A place where there is no more pain, no more suffering, no more sickness, no more worries.
A place where he can be free, beautiful and happy.

I am glad that I have the chance to say I Love you, Ye.
I am glad to have the chance to ease some of your worries.
I don't hate him anymore, Ye.
I meant that when I told you y'day before you left.

Thank you for your love and care.
Thank you for being there for me.
Thank you for being a better dad than my own dads will ever be.
Thank you for loving me like your own daughter
and for standing up to him whenever he was unreasonable.
I love you, Ye.
You will always have a special place in my heart.

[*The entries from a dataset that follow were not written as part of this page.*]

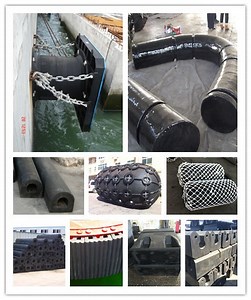 [Hot Item] Dock Bumper for Boat Ship Dock Port Fendering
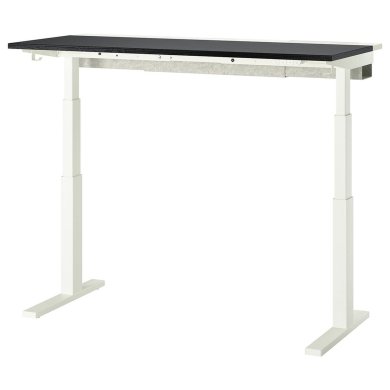 IKEA Столешница MITTZON 140x48 см Черный 40527788 фото - 3
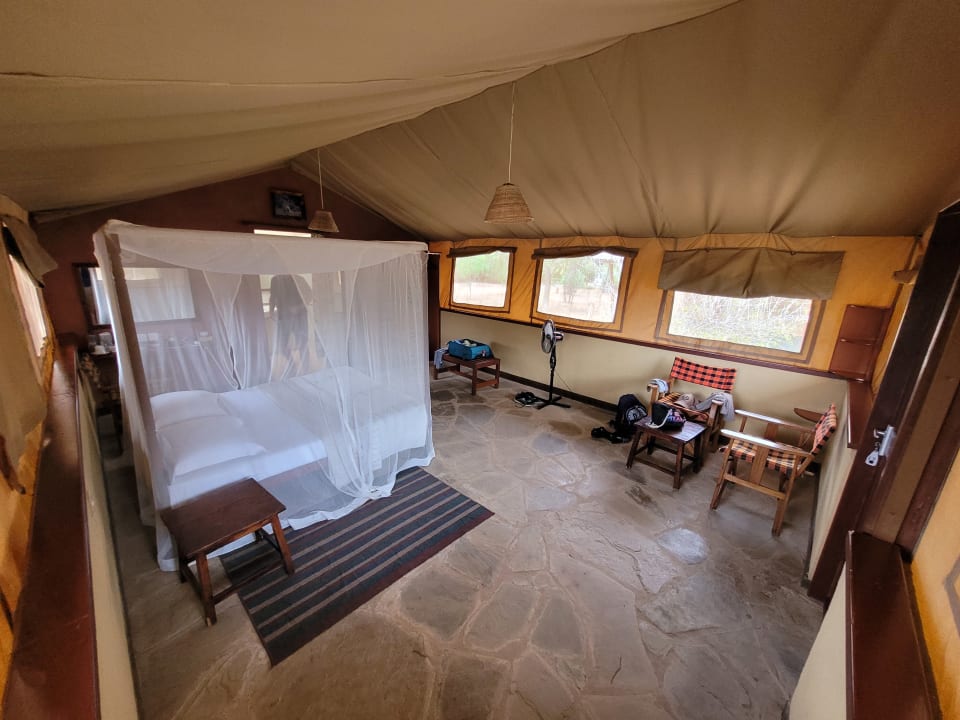 Zimmer Sentrim Tsavo Lodge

Wherever you are, don't worry about us.
We will take care of ourselves knowing that you'll always be with us in our hearts.

Tuesday, March 10, 2009

An outing - Evolution Gardens

Brought our girls out to Evolution Garden last Sat...
before you ask where the heck is that - its part of Botanical Gardens.
Our 1st time there as well.

We bought breakfast, drinks and some snacks.
Then had a mini picnic in the garden.
quite a nice feeling... :)

took some pics too!









Thursday, March 5, 2009

Anytime Now???

bro sms me abt2 days ago.
said grandpa has this respiratory bug that is resistant to antibiotics.
then today, I get another sms.
grandpa's condition is critical...
we are all guessing should be soon.
The doc had initially told us within 3 months' and it seemed that it is like what he said...

I was just telling dh y'day that I felt that all these while, grandpa is hanging on cos of grandma.
He cant let go cos he's afraid no one will look after her.
His strength/ will power to struggle on came from his love for her.
(I wish and pray that my hubby will love me this much too....)
But I wont want him to suffer cos of me...

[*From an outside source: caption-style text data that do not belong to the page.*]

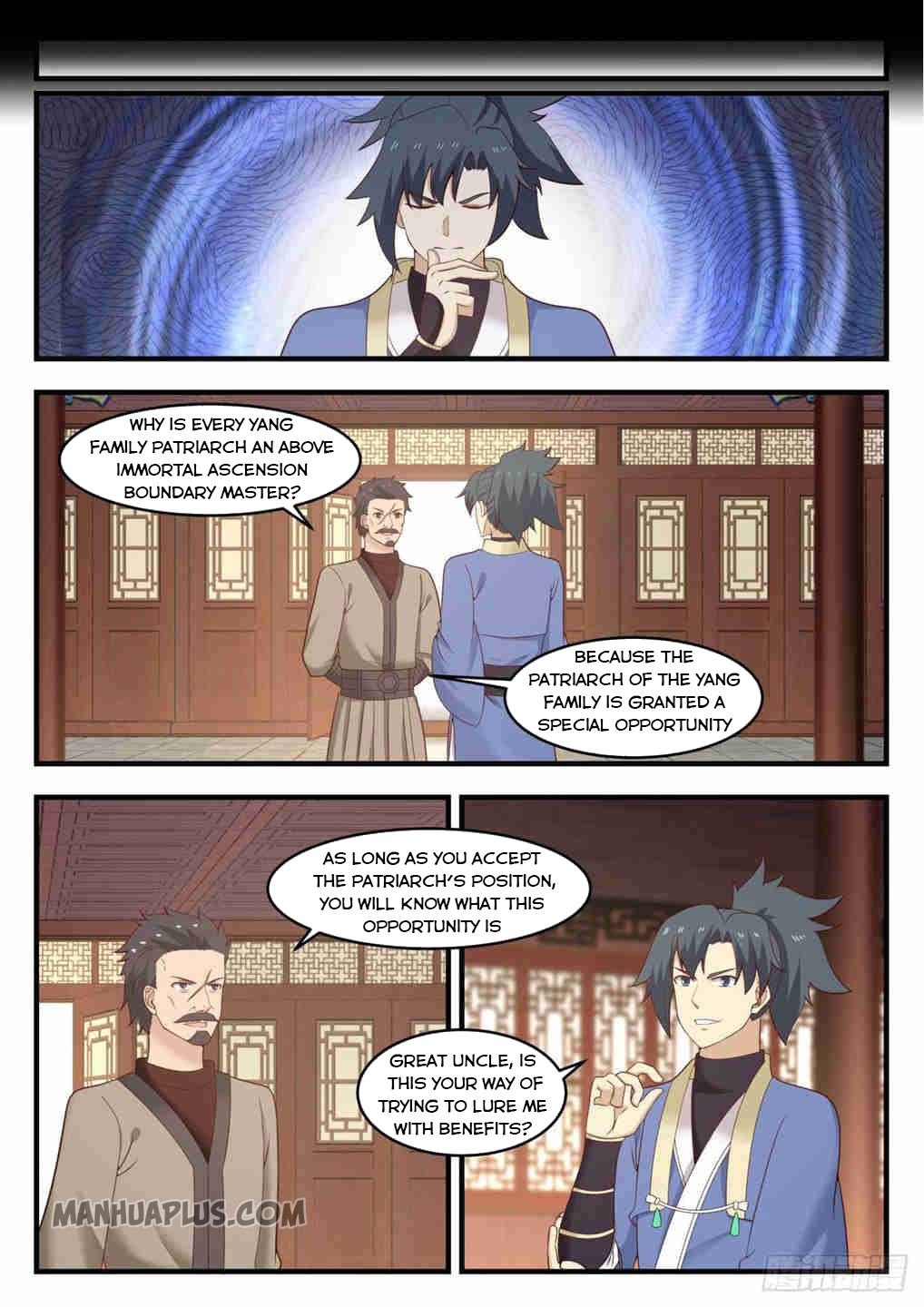 Martial Peak Chapter 551 - 5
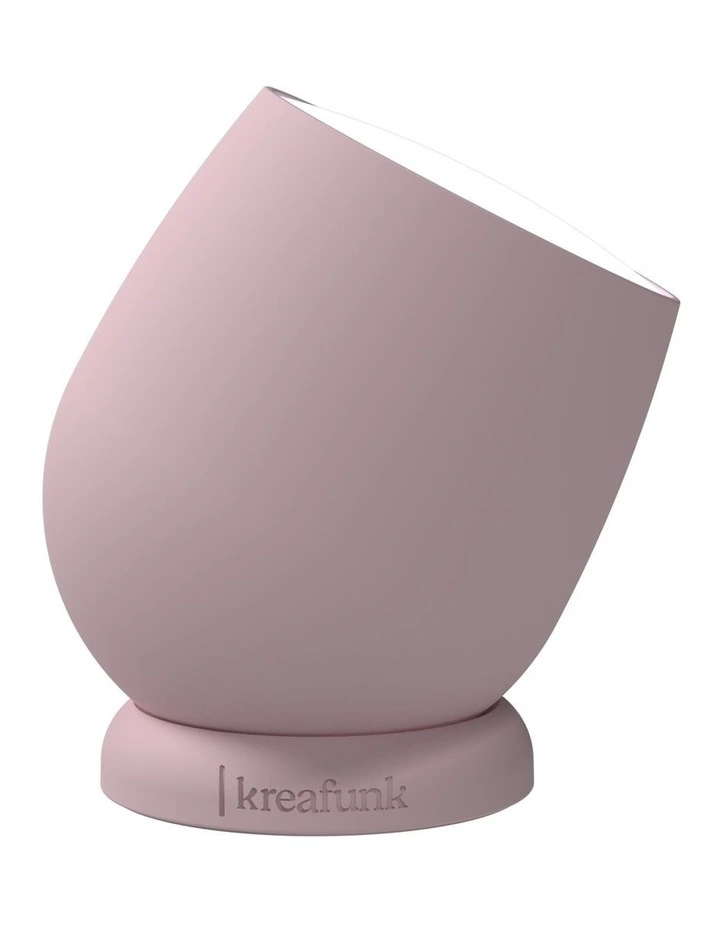 Beam Lamp, Portable And Rechargeable in Dusty Rose image 3
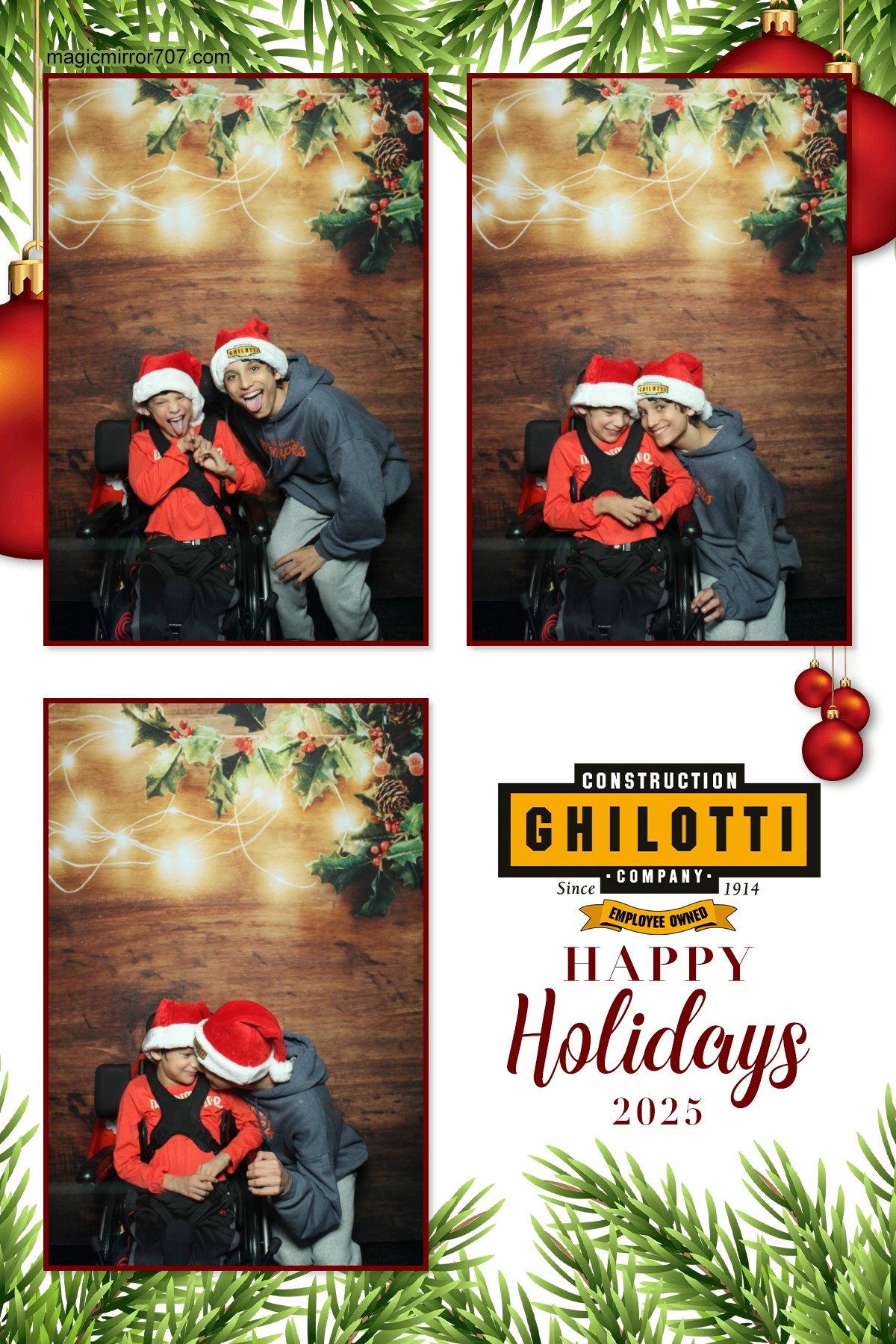 Ghilotti Holiday Party 2025 | View more photos from the event at gallery.magicmirror707.com/u/MagicMirror707/Ghilotti-Holiday-Party-2025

altho' we have had some time now to prepare for this...
still - it hurts... it hurts bad.

I pray hard that grandpa's departure would be a painless one.
He has suffered enough.

Monday, March 2, 2009

Argh! Engorgement

Argh!!!! Bad Engorgement and cracked nipples...
Pain! Pain! Pain!

sigh... of late I am getting very very very little ebm...
expressing is getting more and more depressing. :(
With letdown, I am only getting about 2 ounces from both sides!

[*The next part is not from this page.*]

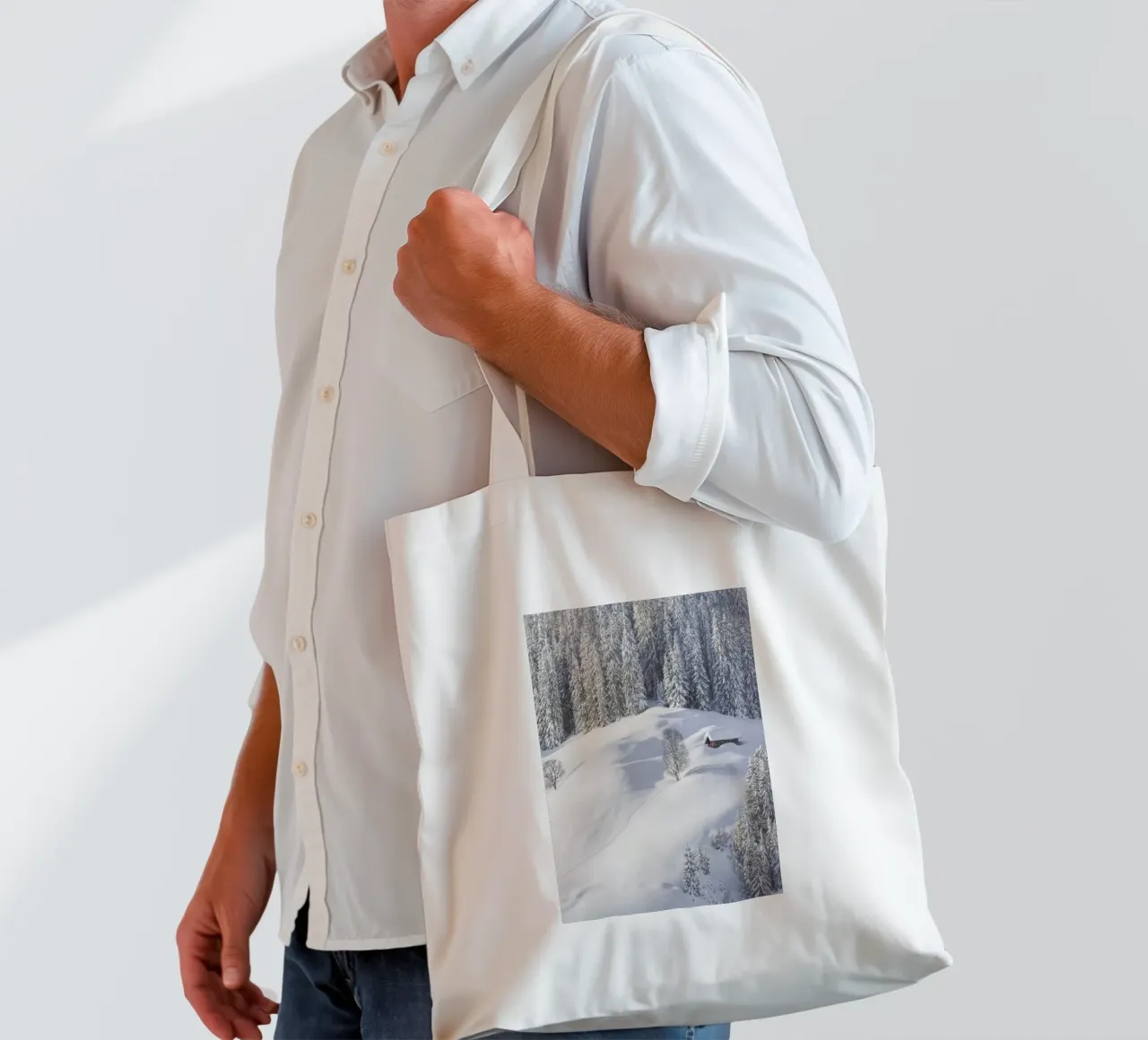 Let’s Rest a While borsa in juta da Nur Mut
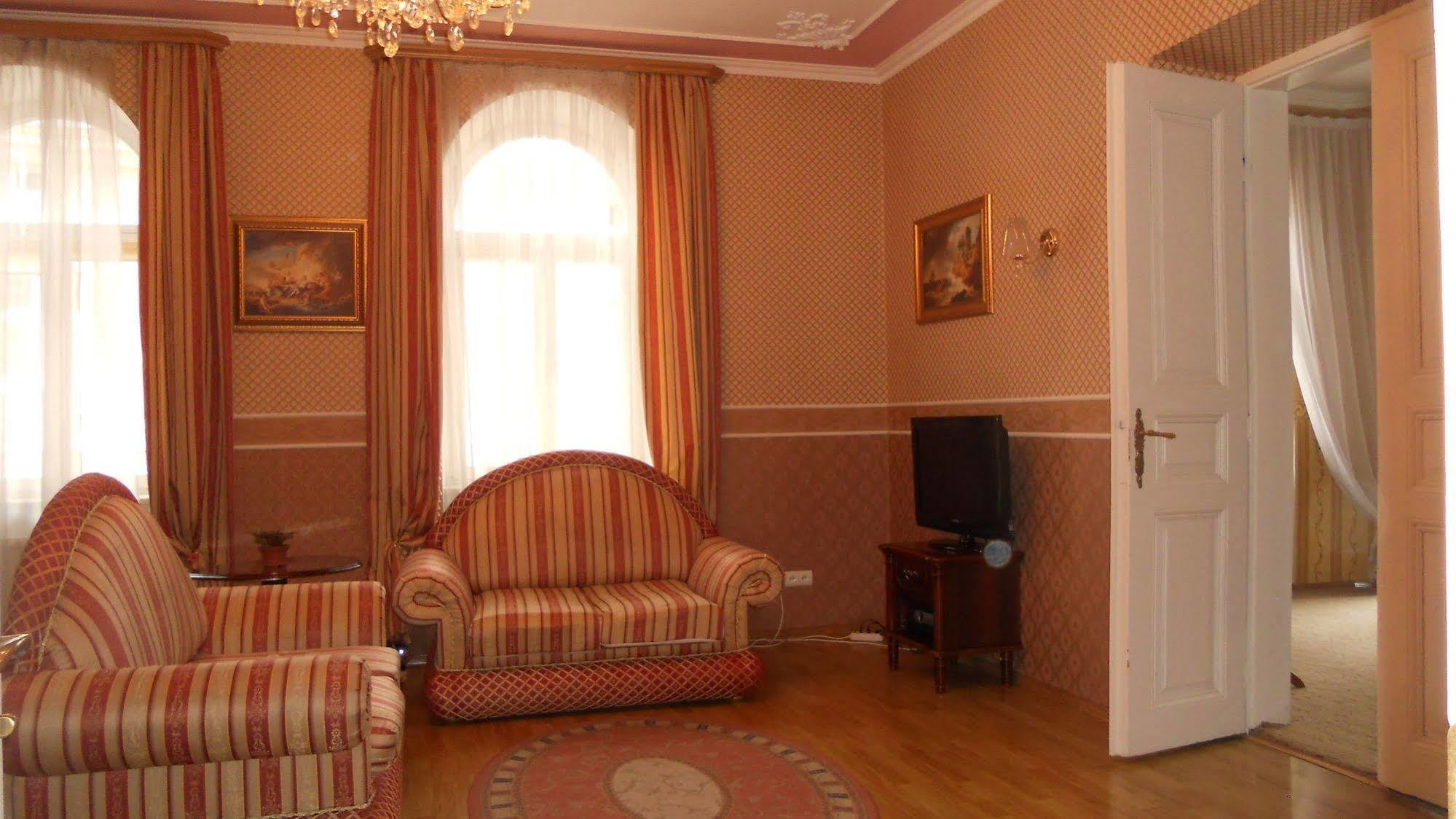 Oid Town Apartments Lviv Eksteriør billede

V seemed to have change the way she nurse. Thus, I am often with cracked nipples now.
*sob sob*
To compound to that, I get engorgement on/off on my right boob...
*boo hoo*

My right nipple seemed to be "blocked" I cant seem to be able to get more ebm out of it.
But when Vera nurse direct, I felt that she seemed to be able to get more??

Is there something wrong with my pump or is it just me??!!